- Made for solo gaming. This is one of the few wargames that comes with a method of playing solo built in. This is largely the main reason I felt this one was worth the investment. Saves me a lot of work not needing to hammer out a way for solo.
- Feel. This is a bit nebulous, as like CAtS, you can shoehorn whatever setting you want in here, but the campaign and PEF rolls (basically dice rolls to determine which 'blips' on the game field have enemy forces in them) make this seem well suited to bug hunt or "Space 'Nam" style games.
- Model neutral. With that comment about the 'feel' aside, you can use whatever miniatures you want to represent your guys. It seems silly, but with 40k having dominated my gaming for so long, it's weird to be in a game where 'counts as' is the rule. Not feeling like a Pariah for using my HaloCliks guys is nice.
- Learning Curve. While substantially easier than picking up 40k, this is still more of a learning curve than 3:16 Carnage Amongst the Stars.
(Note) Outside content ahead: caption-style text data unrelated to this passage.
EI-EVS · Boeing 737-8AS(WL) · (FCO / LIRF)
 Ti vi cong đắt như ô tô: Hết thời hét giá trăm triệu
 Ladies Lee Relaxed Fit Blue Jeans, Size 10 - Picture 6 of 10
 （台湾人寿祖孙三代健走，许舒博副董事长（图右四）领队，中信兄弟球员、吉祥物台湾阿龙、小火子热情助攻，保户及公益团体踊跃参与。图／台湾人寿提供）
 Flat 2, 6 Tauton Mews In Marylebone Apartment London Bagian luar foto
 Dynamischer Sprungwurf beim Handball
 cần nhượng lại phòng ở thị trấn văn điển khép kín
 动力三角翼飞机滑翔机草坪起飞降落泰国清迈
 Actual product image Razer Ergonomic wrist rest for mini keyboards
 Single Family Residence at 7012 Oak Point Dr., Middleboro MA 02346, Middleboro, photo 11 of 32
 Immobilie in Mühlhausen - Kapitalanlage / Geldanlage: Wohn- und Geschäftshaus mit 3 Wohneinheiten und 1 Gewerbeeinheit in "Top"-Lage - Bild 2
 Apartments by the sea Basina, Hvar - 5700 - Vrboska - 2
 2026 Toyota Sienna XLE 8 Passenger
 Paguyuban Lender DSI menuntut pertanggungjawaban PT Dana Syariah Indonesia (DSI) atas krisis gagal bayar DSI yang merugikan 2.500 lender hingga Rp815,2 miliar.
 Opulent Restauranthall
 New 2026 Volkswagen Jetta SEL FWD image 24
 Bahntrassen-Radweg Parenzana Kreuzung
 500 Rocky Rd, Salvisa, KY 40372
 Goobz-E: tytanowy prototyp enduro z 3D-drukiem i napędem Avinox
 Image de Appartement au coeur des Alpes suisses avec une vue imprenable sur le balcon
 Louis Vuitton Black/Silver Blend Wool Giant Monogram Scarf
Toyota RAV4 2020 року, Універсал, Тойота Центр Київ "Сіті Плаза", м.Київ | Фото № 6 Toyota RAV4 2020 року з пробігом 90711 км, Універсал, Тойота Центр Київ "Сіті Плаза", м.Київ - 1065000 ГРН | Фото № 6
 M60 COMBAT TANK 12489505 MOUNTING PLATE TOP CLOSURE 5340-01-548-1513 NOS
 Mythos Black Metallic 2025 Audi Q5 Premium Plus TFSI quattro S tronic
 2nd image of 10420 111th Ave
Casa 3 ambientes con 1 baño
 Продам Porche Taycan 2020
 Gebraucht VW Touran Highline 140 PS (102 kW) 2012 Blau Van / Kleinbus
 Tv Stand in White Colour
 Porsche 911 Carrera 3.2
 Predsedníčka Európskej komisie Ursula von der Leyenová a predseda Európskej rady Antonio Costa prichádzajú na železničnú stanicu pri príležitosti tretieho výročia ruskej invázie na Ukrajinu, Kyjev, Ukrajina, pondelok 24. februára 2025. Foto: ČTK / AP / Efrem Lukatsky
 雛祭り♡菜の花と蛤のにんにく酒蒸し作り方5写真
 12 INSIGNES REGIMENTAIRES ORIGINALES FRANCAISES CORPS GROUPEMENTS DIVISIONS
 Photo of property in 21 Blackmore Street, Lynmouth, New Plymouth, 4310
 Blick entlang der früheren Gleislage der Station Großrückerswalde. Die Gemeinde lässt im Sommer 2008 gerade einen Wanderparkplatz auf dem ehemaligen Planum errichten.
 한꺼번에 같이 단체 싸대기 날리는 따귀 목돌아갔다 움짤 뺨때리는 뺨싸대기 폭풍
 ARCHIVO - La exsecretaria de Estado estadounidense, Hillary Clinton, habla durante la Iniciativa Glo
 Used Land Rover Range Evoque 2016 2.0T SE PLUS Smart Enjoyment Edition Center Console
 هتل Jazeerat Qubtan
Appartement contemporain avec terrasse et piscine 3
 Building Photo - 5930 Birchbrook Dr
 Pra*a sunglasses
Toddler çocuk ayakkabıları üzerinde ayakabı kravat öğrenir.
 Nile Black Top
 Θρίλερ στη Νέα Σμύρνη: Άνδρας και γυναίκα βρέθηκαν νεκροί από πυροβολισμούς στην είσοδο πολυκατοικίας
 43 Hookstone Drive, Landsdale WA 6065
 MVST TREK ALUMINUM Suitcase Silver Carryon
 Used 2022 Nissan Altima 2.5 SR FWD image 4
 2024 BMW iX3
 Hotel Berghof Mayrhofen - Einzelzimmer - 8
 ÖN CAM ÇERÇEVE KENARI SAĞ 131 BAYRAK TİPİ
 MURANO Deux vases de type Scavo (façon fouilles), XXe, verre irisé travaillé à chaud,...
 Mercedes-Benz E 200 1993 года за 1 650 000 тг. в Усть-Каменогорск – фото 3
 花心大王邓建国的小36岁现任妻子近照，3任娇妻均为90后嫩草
After my first game of CAtS, I was pretty confident that I knew how to play and was not making mistakes.
- Tables. Yeah, any book that has a subsection in it called 'Why So Many Tables' to explain why there are so many tables, probably has a lot of them. It's not a big deal, as this is largely the GM Replacement for Solo play. It's important and well executed, but can be a bit intimidating.
- No Setting. This is not a problem for me, but the game does not seem to have it's own back story. For players who do not have their own go to fiction property like I do, this can mean some extra work if you want something more story driven than "My Guys Land On The Planet, Roll On Table 4 For Enemy Deployment."